Erfrischender Penderecki, entzückender Dvorák

Dresdner Philharmonie brilliert mit Einspringer Maciej Tworek

Eigentlich hatte Krzysztof Penderecki nach seiner Residenz 2017 / 2018 mit einem Werk sowie als Dirigent in den Kulturpalast zurückkehren sollen, aber für das Konzert am frühen Sonntagabend mußte der 86jährige gesundheitsbedingt absagen. An seiner statt übernahm Pendereckis langjähriger Assistent Maciej Tworek. Da er mit den Werken und dem Komponisten bestens vertraut ist, durfte man eine ungeminderte Aufführung erwarten.

Krzysztof Penderecki hätte sein Stück auch als »Konzert« oder »Konzertstück« bezeichnen können, denn das Concerto grosso für drei Violoncelli und Orchester verriet wenig Anklänge an die Tradition. Formal mögen sie gegeben sein, doch ist das Werk einerseits durch drei gleiche Instrumente mit unterschiedlichen Stimmcharakteren gekennzeichnet, andererseits offenbart es sich trotz in einer Einheit gebundener sechs Sätze eher als serielles Stück. So oder so bietet es dem Zuhörer manche Entdeckung: die Rollen der drei Solisten gerieten bis in ihre Kadenzen höchst unterschiedlich. Während László Fenyö am Cello Nr. 1 einen romantischen Gestus pflegte, war Tatjana Vassiljeva (nach offizieller Zählung die »3«) für verfremdete, leicht metallische Klänge verantwortlich. Daß Andrei Ioniţă als »Nr. 2« dazwischen weniger prägnant blieb, lag wohl mehr am Werk als am Spieler.
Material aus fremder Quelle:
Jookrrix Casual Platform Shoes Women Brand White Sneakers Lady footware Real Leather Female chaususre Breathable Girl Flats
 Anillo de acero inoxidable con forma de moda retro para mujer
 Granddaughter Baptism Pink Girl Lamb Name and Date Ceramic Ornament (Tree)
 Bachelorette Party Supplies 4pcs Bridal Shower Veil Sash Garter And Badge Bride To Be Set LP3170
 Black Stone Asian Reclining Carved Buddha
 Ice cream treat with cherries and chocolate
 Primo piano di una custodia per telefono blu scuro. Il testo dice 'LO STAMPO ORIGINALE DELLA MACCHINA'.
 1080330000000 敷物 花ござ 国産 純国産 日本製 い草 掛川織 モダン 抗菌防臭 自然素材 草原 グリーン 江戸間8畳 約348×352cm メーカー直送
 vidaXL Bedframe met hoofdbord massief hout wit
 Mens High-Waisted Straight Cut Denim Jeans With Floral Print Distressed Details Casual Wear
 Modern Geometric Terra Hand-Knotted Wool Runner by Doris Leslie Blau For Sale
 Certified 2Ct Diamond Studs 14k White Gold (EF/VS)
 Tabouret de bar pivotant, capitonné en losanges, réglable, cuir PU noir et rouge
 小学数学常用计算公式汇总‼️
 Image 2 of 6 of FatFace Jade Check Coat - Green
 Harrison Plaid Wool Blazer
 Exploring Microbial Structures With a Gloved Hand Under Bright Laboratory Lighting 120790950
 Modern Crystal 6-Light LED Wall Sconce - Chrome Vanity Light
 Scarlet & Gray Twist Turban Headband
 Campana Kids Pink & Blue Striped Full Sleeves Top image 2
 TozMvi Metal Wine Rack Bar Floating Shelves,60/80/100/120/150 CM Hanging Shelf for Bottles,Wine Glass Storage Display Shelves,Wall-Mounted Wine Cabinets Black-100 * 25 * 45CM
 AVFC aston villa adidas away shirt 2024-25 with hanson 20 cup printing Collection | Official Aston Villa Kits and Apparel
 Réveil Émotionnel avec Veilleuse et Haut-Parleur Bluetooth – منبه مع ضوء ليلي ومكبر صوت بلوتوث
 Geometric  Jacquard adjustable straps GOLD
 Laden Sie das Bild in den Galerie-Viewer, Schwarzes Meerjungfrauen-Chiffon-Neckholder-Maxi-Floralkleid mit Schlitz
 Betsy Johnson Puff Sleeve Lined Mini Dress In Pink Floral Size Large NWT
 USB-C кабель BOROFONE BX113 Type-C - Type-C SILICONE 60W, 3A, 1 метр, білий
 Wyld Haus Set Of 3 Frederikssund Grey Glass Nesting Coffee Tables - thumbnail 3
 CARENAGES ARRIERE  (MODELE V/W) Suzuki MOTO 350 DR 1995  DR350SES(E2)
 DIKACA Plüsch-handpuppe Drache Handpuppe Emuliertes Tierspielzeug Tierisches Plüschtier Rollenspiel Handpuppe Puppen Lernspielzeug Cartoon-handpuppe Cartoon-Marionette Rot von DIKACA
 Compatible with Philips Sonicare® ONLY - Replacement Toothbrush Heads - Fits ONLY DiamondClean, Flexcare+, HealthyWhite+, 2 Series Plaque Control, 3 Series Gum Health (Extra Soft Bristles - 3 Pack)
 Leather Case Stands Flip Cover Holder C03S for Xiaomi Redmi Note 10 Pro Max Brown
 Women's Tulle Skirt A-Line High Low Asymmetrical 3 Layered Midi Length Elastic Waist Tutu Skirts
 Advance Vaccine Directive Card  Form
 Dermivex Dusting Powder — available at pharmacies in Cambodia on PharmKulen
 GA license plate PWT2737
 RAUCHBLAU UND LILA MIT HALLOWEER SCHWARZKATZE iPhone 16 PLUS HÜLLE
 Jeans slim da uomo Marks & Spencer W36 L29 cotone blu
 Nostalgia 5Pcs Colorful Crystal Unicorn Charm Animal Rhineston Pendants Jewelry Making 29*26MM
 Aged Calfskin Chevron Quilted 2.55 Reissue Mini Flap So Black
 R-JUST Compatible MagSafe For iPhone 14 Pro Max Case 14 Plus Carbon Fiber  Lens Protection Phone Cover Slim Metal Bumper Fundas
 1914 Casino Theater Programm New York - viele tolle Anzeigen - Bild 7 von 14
Die Gegenüberstellung von Tutti und Concertino hat Penderecki zwar nicht aufgehoben, jedoch verwischt, und selbst dann, wenn sich die drei Solisten in einem scheinbaren Einklang fanden, wurde die Homogenität durch Schwebungen aufgehoben. Solcherlei Reizpunkte enthielt das Werk viele, Maciej Tworek sorgte mit einer klaren Durchsichtigkeit für gehörigen Wind in den marschartigen Passagen, belebte die Folge durch packenden, eilenden Zugriff, verweilte jedoch in Ruhemomenten. Der Trauermarsch des Beginns war durch den Weckruf des Horns aufgehoben, im Verlauf sorgten immer wieder gerade die Holzbläser für Erquickung oder stimmten (Oboe) einen Klagegesang an. Das Finale fand mit einem Quartett aus Cellisten und Englischhorn einen gediegen-elegischen Schluß.

Weitere solcher geradezu lustvoller Farbspiele offenbarte Maciej Tworek in Antonín Dvořáks achter Sinfonie – in Hülle und Fülle! Gerade mit dem großen Orchesterapparat schuf er zuweilen zarte Kontraste, die aus feinen Soli (Flöte: Karin Hofmann, Oboe: Johannes Pfeiffer) erwuchsen. Verblüffend war die Emotionalität, ja Wucht, die Tworek zu entfesseln wußte, obwohl er seinem Schlankheitsideal treu blieb. Dem Ansatz, daß der Böhme Dvořák auch »böhmisch«, also deftig- schwungvoll klingen müsse, folgte er zumindest nicht. Im Gegenteil – gerade der fröhliche Tumult im vierten Satz, der gerne ein wenig zum Poltern neigt, war von klarsichtiger Raffinesse geprägt, das Allegretto grazioso an dritter Stelle atmete wunderbare Eleganz. Mit Präzision, jedoch nicht steriler, sondern lebensvoller, begeisterte Maciej Tworek Philharmonie und Publikum und dürfte gerade für Penderecki ein paar neue Ohren hinzugewonnen haben.